**What is required:** Give back, word for word, the lines in the listing below from the one holding "5XXGU4L39GG099118 2016 KIA" down to the one holding "Nueva creciente inundó", both ends included.

**Input records:**
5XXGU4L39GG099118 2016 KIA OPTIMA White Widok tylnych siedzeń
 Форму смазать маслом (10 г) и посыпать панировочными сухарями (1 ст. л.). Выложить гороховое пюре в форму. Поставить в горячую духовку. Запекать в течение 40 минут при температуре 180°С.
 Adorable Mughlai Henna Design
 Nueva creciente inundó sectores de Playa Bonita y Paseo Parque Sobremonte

==

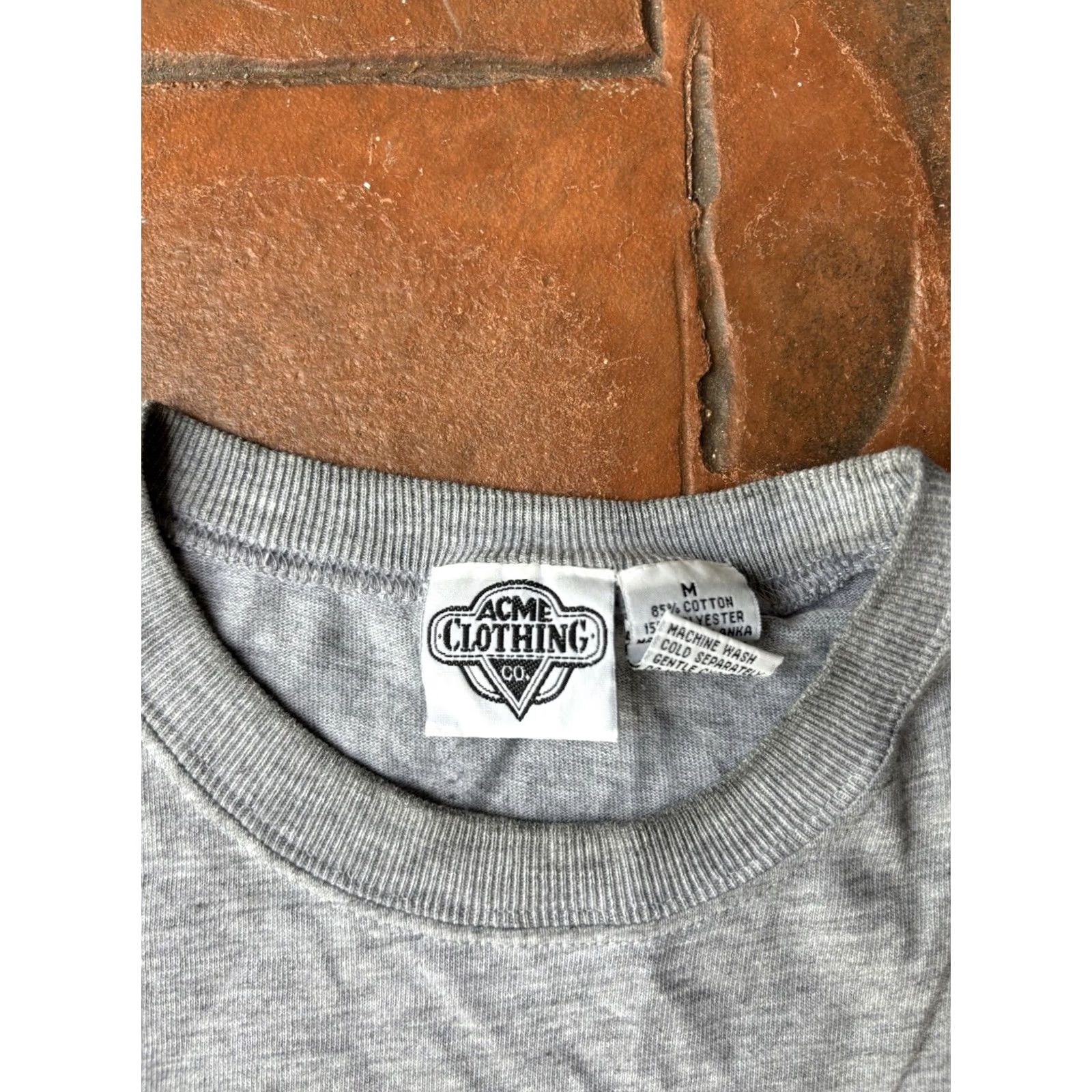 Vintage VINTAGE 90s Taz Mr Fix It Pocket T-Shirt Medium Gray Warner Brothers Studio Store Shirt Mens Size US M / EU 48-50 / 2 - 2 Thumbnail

**Solved exercise:**
5XXGU4L39GG099118 2016 KIA OPTIMA White Widok tylnych siedzeń
 Форму смазать маслом (10 г) и посыпать панировочными сухарями (1 ст. л.). Выложить гороховое пюре в форму. Поставить в горячую духовку. Запекать в течение 40 минут при температуре 180°С.
 Adorable Mughlai Henna Design
 Nueva creciente inundó sectores de Playa Bonita y Paseo Parque Sobremonte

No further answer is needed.